In May 1941 I was sunk in the Kelly and was then sent to take over command of a new ship, the Aircraft Carrier Illustrious, which was being repaired in America. While I was at Pearl Harbour visiting the American Pacific Fleet, I got a telegram from Churchill relieving me of my command and recalling me to England. I was very upset. The list thing I wanted to do was to leave the war at sea and sit in Whitehall. When I got back I reported to him. He said: “Why have you taken so long to answer my summons?” I replied rather lightheartedly: “Well, sir, I was very nearly on the 180th meridian and I wasn’t sure which way round the world you wanted me to come back.” He quelled me with a look: “You know why you have come. I want you to relieve Admiral Keyes in charge of combined operations”. (Now the last time you heard of Admiral Keyes he was a full Admiral and I was a Lieutenant on his staff, now I was to take over from him.) “What have you got to say to that?” I said: “Sir, I would sooner be back at sea fighting with my friends rather than sitting on my backside in Whitehall”. “Have you no sense of glory?” Churchill retorted, “I offer you a chance to take part in the highest direction of the war and all you want to do is to go back to sea. What could you hope to achieve except to be sunk in a bigger and more expensive ship this time?

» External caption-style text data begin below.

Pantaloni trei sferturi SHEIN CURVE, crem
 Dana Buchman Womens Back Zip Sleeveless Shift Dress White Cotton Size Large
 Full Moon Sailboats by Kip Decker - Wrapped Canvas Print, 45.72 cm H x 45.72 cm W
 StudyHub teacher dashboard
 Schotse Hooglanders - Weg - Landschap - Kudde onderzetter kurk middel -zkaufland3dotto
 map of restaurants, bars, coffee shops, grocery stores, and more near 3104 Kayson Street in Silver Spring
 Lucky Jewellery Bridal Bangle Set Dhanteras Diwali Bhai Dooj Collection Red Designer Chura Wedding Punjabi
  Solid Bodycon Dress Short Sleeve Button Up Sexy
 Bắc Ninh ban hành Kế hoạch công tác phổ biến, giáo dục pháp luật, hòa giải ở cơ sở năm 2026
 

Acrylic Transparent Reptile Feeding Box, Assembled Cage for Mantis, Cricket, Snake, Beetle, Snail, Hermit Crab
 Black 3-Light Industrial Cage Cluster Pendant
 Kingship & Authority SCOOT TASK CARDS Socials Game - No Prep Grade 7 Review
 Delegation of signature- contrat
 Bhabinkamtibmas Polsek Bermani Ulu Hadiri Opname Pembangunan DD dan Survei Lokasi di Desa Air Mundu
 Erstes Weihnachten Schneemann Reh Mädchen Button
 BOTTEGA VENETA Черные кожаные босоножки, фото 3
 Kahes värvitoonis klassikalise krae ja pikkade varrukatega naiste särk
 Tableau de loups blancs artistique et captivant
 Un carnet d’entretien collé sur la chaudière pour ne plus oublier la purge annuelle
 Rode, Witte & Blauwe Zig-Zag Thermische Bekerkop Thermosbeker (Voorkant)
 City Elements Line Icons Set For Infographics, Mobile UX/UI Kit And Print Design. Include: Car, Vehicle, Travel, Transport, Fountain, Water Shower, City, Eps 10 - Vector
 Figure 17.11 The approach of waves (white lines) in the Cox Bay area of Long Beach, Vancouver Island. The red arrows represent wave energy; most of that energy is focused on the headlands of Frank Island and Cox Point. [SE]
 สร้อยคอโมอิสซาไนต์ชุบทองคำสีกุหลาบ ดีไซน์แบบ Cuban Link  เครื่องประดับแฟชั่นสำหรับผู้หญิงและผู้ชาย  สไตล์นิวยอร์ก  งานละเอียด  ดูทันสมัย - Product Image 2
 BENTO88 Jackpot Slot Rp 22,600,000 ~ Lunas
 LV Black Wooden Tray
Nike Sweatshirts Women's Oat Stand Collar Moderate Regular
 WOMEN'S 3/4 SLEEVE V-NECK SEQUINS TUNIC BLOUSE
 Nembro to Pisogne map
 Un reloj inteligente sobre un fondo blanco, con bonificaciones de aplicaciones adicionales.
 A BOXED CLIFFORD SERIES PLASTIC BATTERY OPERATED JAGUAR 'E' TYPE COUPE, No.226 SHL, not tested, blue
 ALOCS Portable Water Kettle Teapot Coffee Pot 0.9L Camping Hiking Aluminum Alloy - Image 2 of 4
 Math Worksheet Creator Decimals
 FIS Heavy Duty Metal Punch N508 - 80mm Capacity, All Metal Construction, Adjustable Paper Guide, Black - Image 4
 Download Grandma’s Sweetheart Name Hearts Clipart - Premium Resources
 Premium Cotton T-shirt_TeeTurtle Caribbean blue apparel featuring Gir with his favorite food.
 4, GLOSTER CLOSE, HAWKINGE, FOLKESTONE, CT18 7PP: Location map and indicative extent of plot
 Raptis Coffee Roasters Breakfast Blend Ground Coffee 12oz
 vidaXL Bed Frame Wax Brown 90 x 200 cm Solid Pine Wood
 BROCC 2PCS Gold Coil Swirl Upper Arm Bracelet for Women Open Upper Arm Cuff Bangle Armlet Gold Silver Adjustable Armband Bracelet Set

He then went on: “You will carry on with the commando raids on the occupied coasts of Europe, not only to keep up our morale and to worry the Germans but because I want you to learn the technique of opposed landings, for you are to prepare for the invasion of Europe. We cannot win this war unless we land an army in France and defeat Hitler on land. You must arrange to collect soldiers, sailors and airmen, put them in training-bases, teach them to operate as one force. You must devise the new techniques, you must design new landing-craft, new landing-ships, the appurtenances and the appliances necessary for invasion. The whole of the South of England is a bastion of defence against Hitler’s invasion. You must turn that into a springboard for our own attack. Every other headquarters in England is thinking defensively, yours is to think only offensively.”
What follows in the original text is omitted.